[Opening GIVEN DATA section]

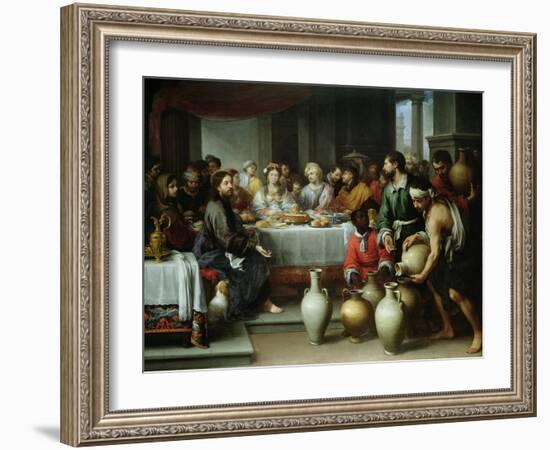 The Marriage Feast at Cana, C.1665-75-Bartolome Esteban Murillo-Framed Giclee Print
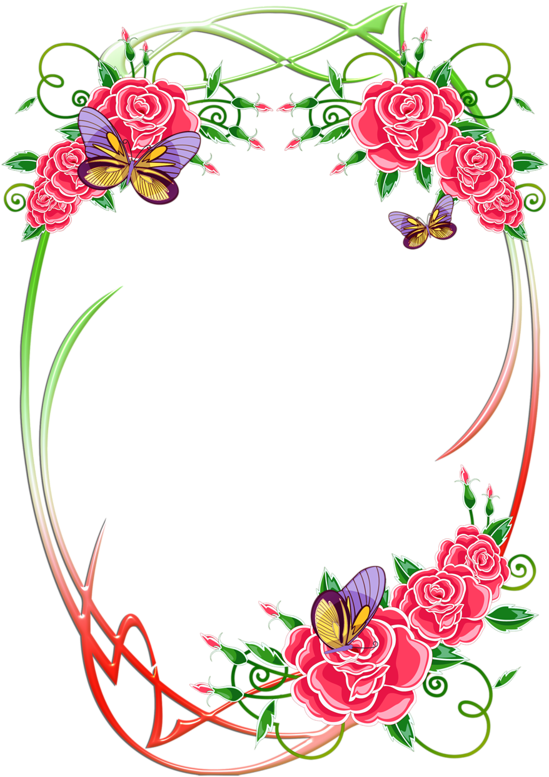 7 - Floral Flower Wall Mural 38 (554x800), Png Download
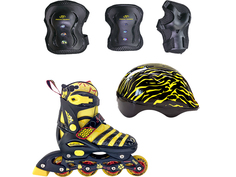 Коньки Tech Team Maya Set р.34-37 Black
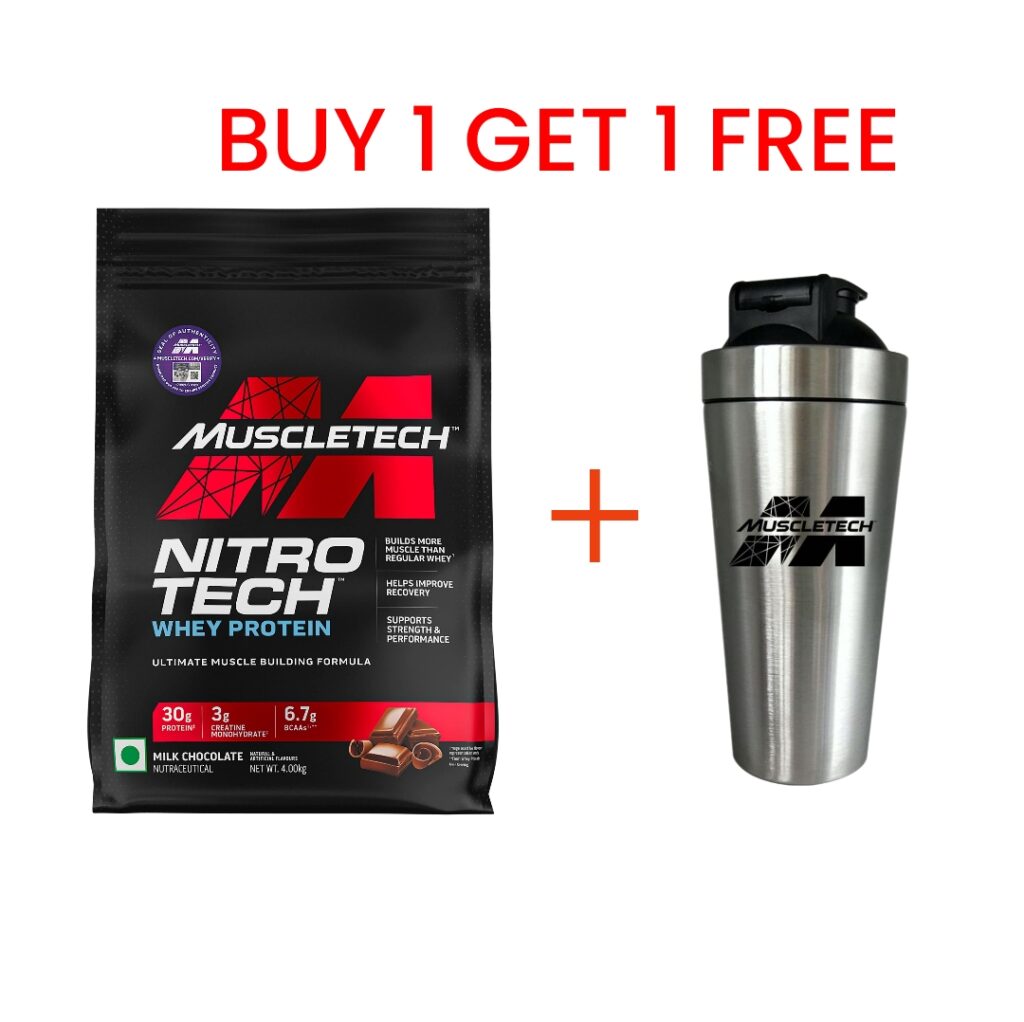 nitrotech 4kg offer steel shaker free large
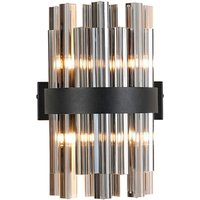 Bond Street Black Smoke Wall Light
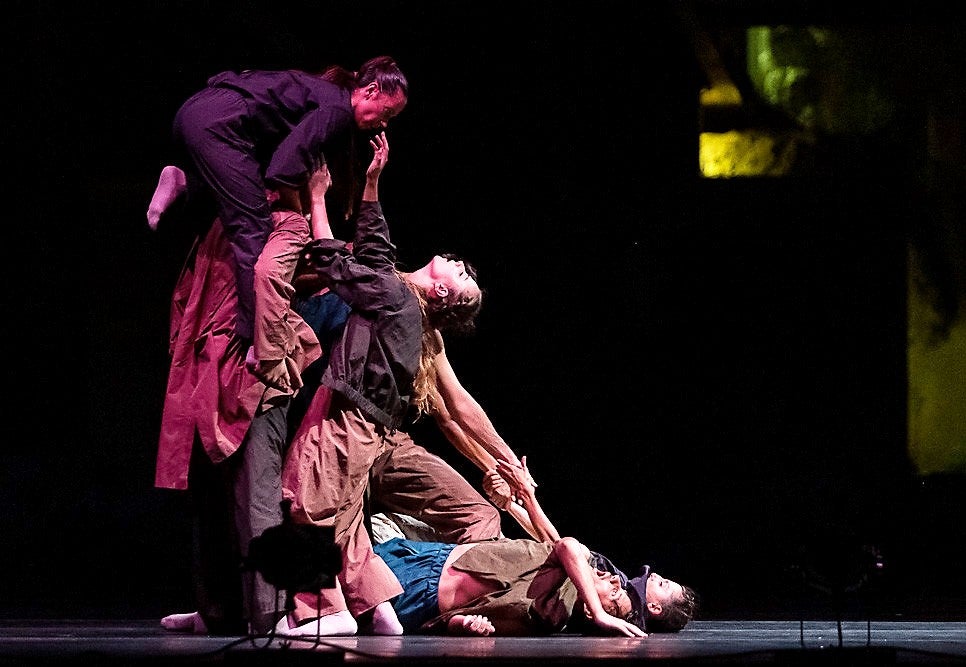 'Averno', durante su estreno en el Teatro Romano de Itálica.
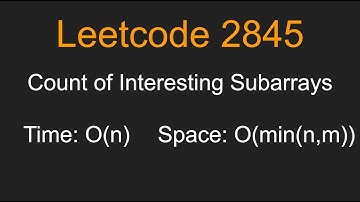 Count of Interesting Subarrays - Leetcode 2845 - Python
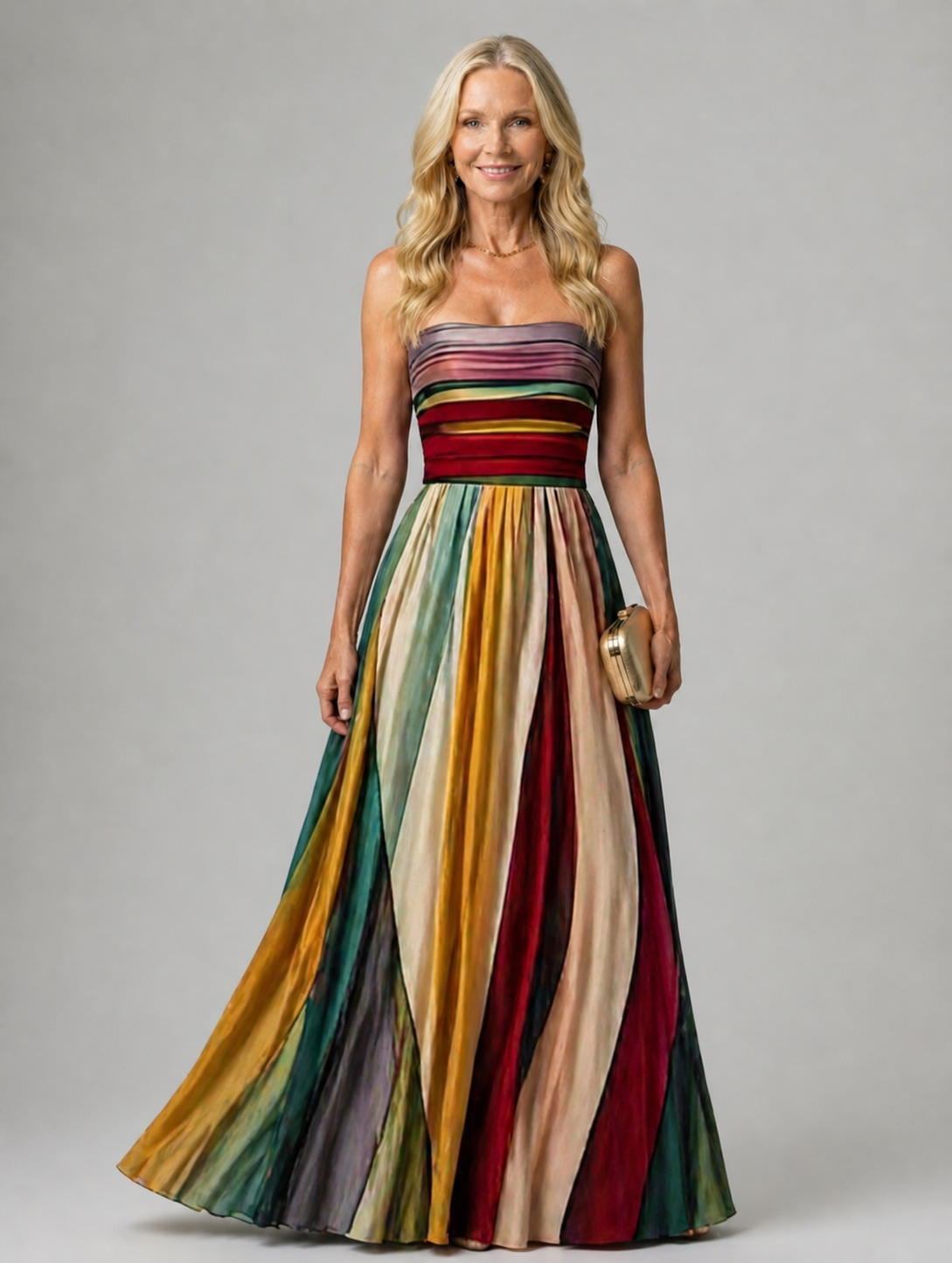 Robe A-Line Sans Bretelles Effortless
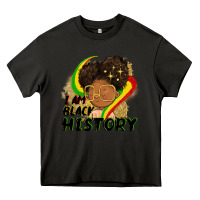 Asphalt I am black history Heavy Core Tee - FaDigitalArtStudio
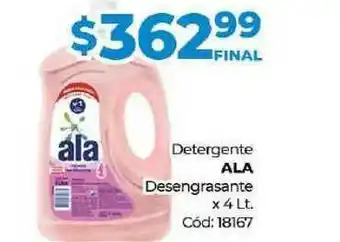 Diarco Detergente Ala Desengrasante x 4lt oferta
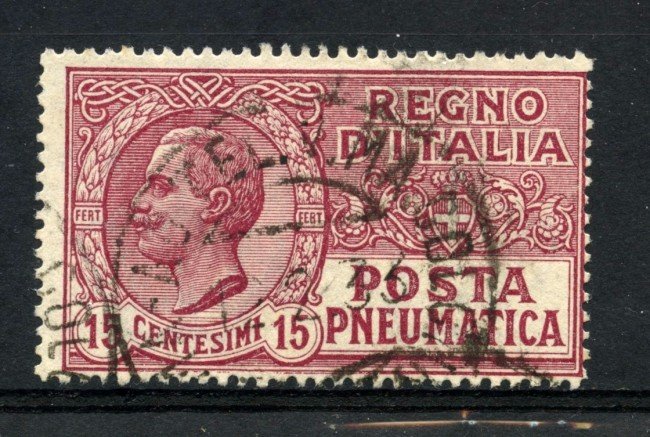 1921 - REGNO - 15c. POSTA PNEUMATICA  - USATO - LOTTO/30241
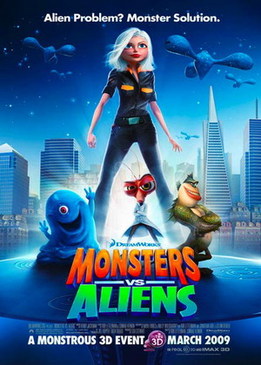 Монстры против пришельцев (Monsters vs Aliens)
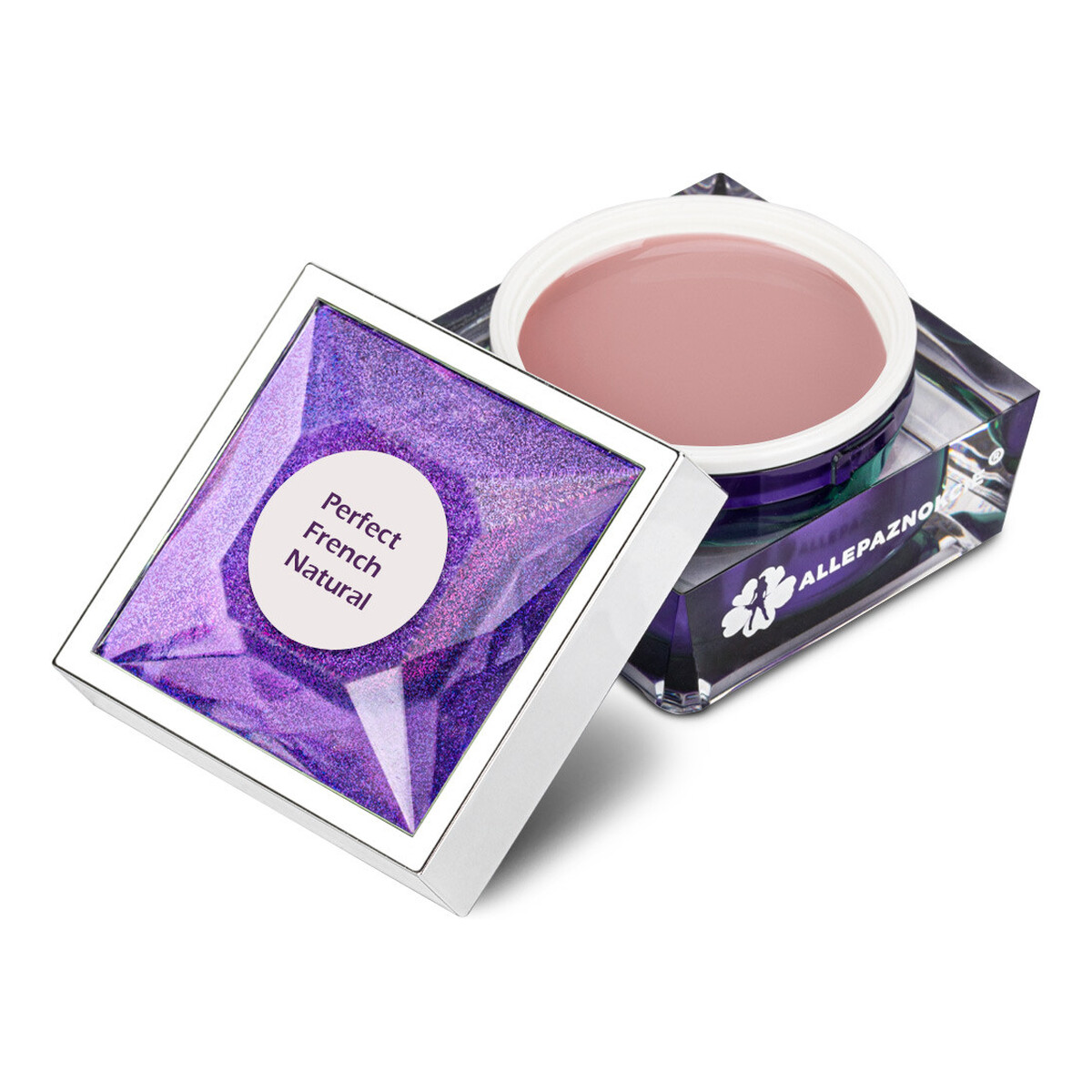 AllePaznokcie Perfect French Żel budujący do paznokci samopoziomujący natural 50g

[Closing GIVEN DATA section]

**TASK PROMPT**
Apart from the images, print all the material above exactly as given.

**TASK RESULT**
 The Marriage Feast at Cana, C.1665-75-Bartolome Esteban Murillo-Framed Giclee Print
 7 - Floral Flower Wall Mural 38 (554x800), Png Download
 Коньки Tech Team Maya Set р.34-37 Black
 nitrotech 4kg offer steel shaker free large
 Bond Street Black Smoke Wall Light
 'Averno', durante su estreno en el Teatro Romano de Itálica.
 Count of Interesting Subarrays - Leetcode 2845 - Python
 Robe A-Line Sans Bretelles Effortless
 Asphalt I am black history Heavy Core Tee - FaDigitalArtStudio
 Diarco Detergente Ala Desengrasante x 4lt oferta
 1921 - REGNO - 15c. POSTA PNEUMATICA  - USATO - LOTTO/30241
 Монстры против пришельцев (Monsters vs Aliens)
 AllePaznokcie Perfect French Żel budujący do paznokci samopoziomujący natural 50g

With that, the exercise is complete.